We can use shrunk marginal effect size estimates to bound the proportion of phenotypic variance explained. We claim:

\[ h^2 \geq \arg\max_j E[\beta_j \mid \hat\beta]^2 \]

Frequentist argument. If the maximizer \(j\) is causal, this is a lower bound on PVE because \(h^2 = \sum_k \beta_k^2\) and other variants \(k\) could be causal, and because the estimate is shrunk towards zero.

If it is not causal, then the true marginal effect size is \(\sum_i R_{ij} \beta_i\), where \(R_{ij} = \mathrm{Corr}(X_i, X_j)\). \(R_ij \leq 1\), so this is still a lower bound

Bayesian argument.

\[ h^2 \geq \beta_j^2 \text{ for all \(j\)} \]

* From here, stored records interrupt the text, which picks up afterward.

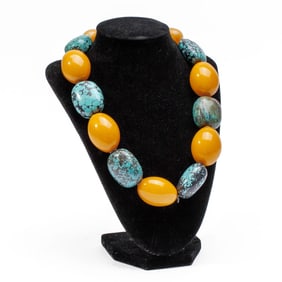 Tibetan Turquoise & Butterscotch Amber Necklace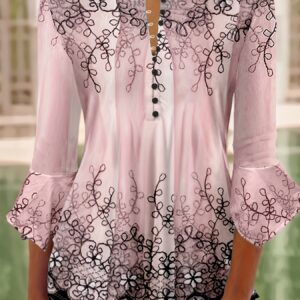 Casual Floral Print Half Sleeve Ruffle Trim Blouse - Women's Clothing
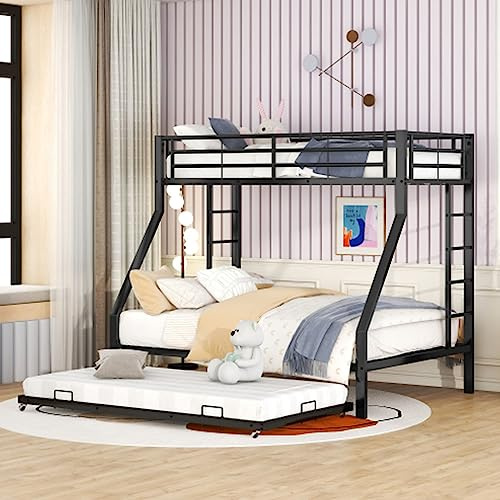 Tcewhhy Etagenbett Metallbett Mit Ausziehbarem Bett Für 3 Personen Jugendbett Mit Leiter Auf Beiden Seiten Hochbett Für Kinder Jugendliche Erwachsene 90(140) x200cm Schwarz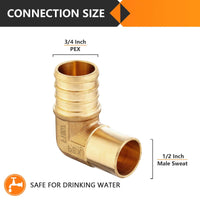 PEX-B Crimp 3/4" PEX x 1/2" Male Copper Sweat Elbow (Lead Free) Plumbingsell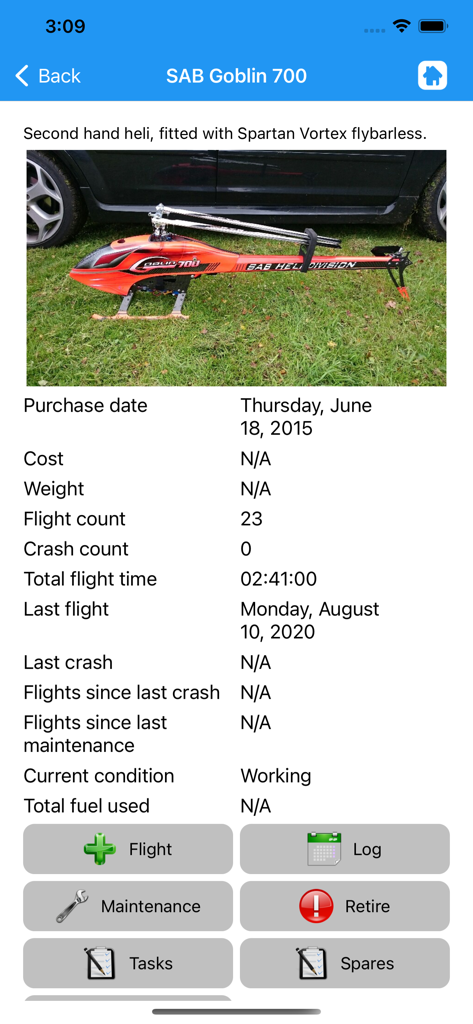 RC Flight and Battery Log - Detailed flight log and maintenance screen for an RC helicopter model showing stats and flight history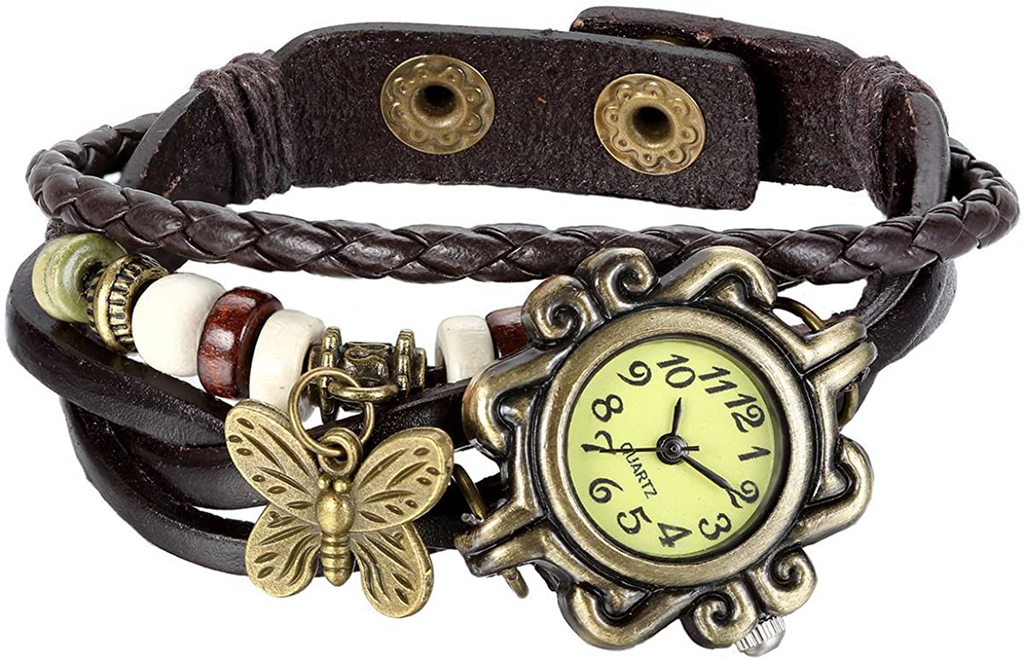 Women Quartz Bracelet Watch Fashion Weave Wrap around Leather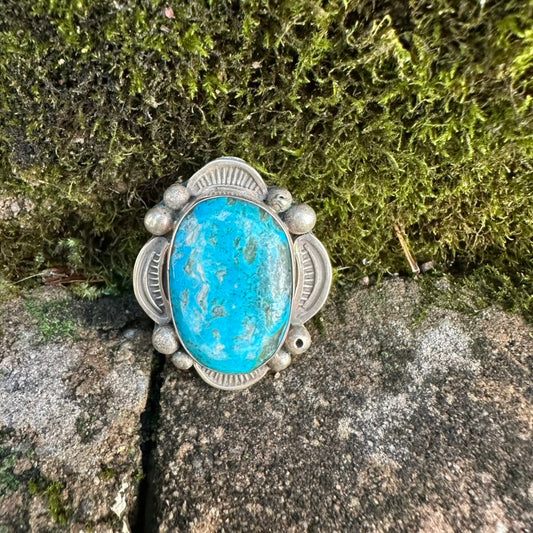 Vintage Navajo Sterling Silver and Blue Turquoise Ring Signed by Albert Cleveland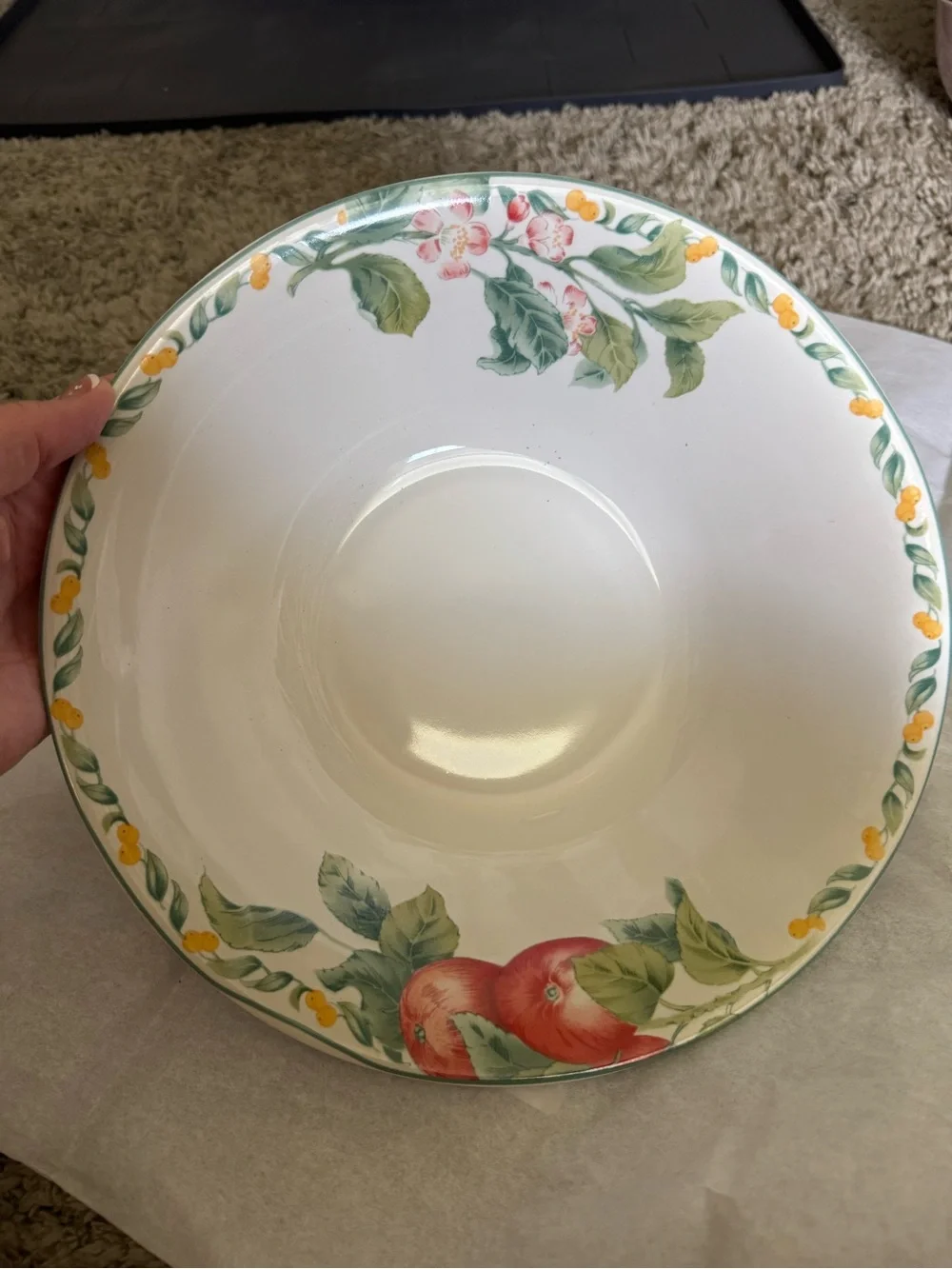 Avon Julie Pople Country Fruit Ceramic Serving Bowl & Oval Platter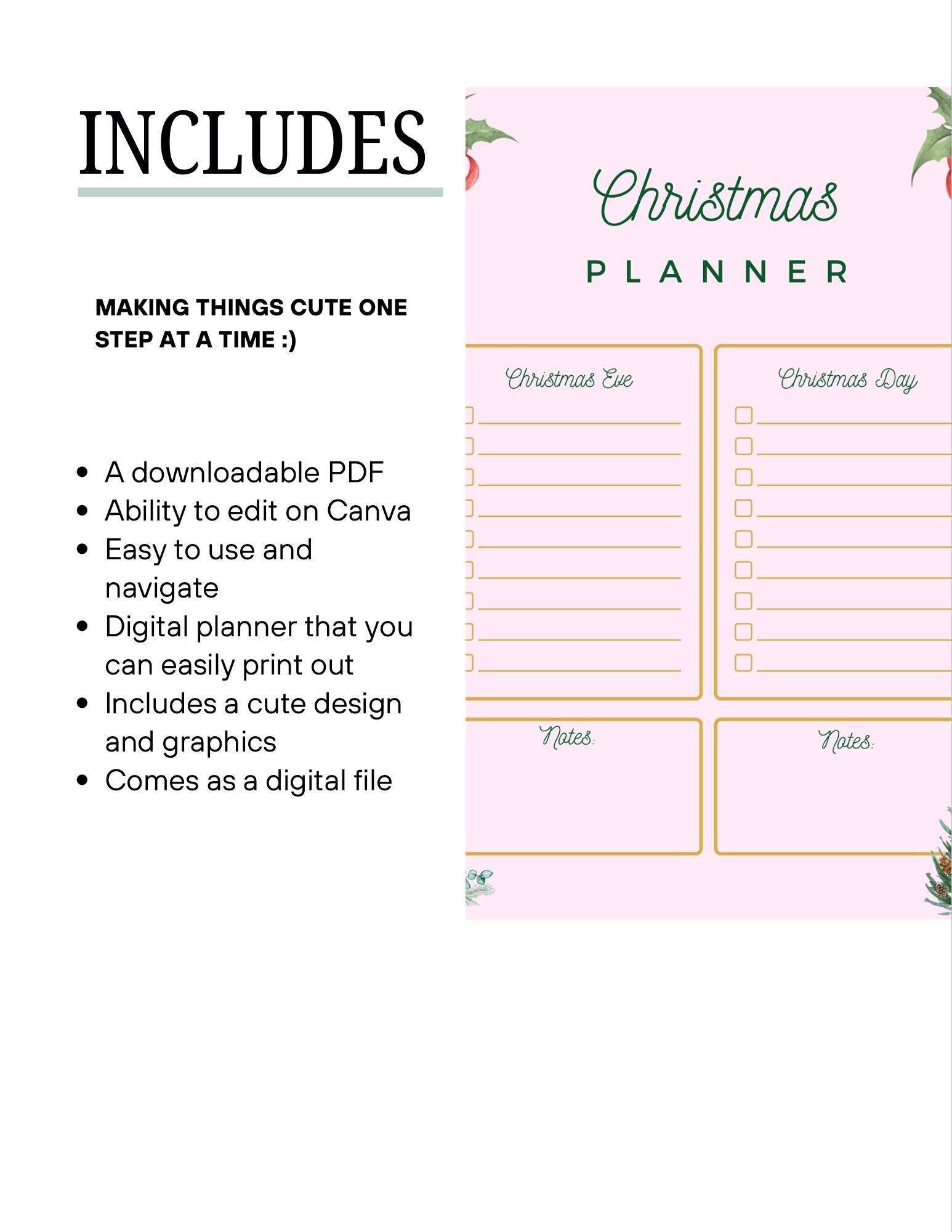 Christmas Planner Printable - Digital Download Digital product girlydesignsnus-christmas-planner-printable-details-downloadable-pdf-features My Store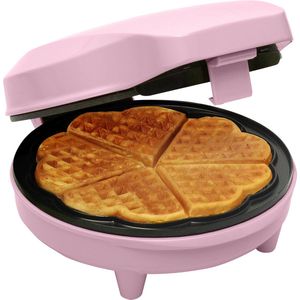 Bestron Wafelijzer voor klassieke hartwafels, Wafelmaker voor wafels in hartvorm, met indicatielampje & antiaanbaklaag, retro-design, 700 Watt, kleur: roze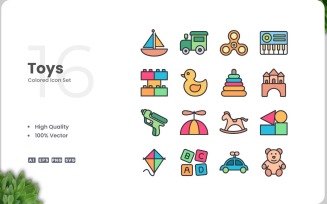 16 Toys Icon Color Collection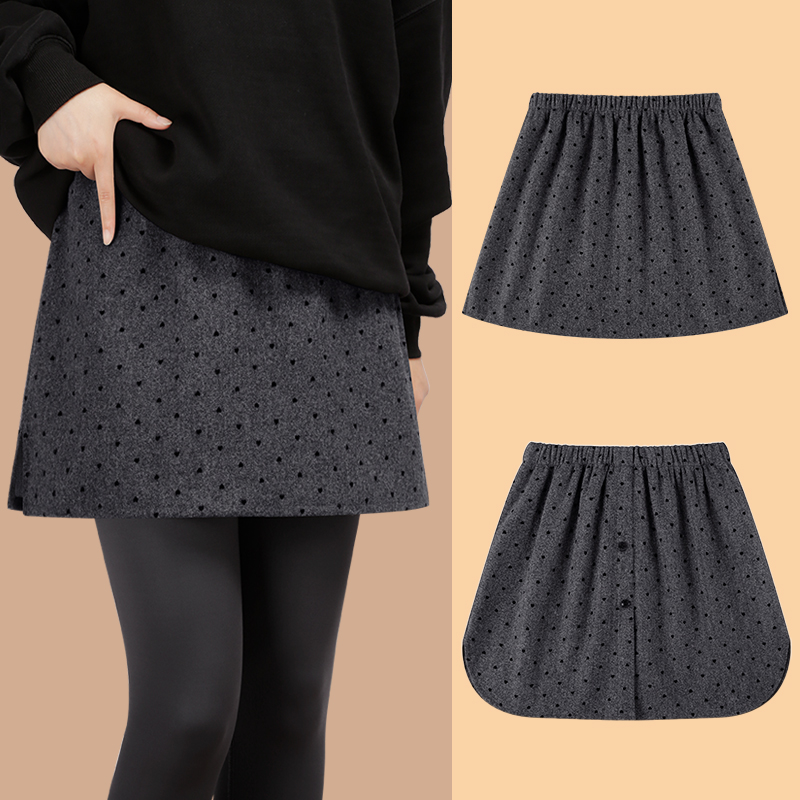 高级灰色波点屁帘女叠穿卫衣鲨鱼裤遮屁股下摆大码高腰a字半身裙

\[ E[h^2 \mid \hat\beta] \geq E[\beta_j^2 \mid \hat\beta] \text{ for all \(j\)} \]

\[ E[h^2 \mid \hat\beta] \geq \arg\max_j E[\beta_j^2 \mid \hat\beta] \]

def get_pve(summary_stats, ash_result):
  res = ashr.ash(summary_stats['beta'], summary_stats['se'], fixg=True,
                 g=ash_result.rx2('fitted_g'))
  pve = np.square(pd.Series(np.square(ashr.get_psd(res)) + ashr.get_pm(res),
                            index=summary_stats['gene']))
  return pve.groupby(level=0).agg(max)

<<power-imports>>
<<downsample-impl>>
<<get-pve-impl>>
np.random.seed(0)
stats = {x: (pd.read_table('/scratch/midway2/aksarkar/singlecell/power/{}.txt.gz'.format(x))
             .groupby('gene')
             .agg(lambda x: x.loc[x['beta'].idxmax()])
             .reset_index())
         for x in ('log_phi', 'mean', 'bulk', 'resid', 'cv_resid')}
# Munge gene names in bulk summary statistics
stats['bulk']['gene'] = [x.split('.')[0] for x in stats['bulk']['gene']]
with open('/scratch/midway2/aksarkar/singlecell/power/ash-results.pkl', 'rb') as f:
  ash_results = pickle.load(f)
(pd.DataFrame({k: get_pve(v, ash_results[k]) for k, v in stats.items()})
 .to_csv('estimated-pve.txt.gz', sep='\t', compression='gzip'))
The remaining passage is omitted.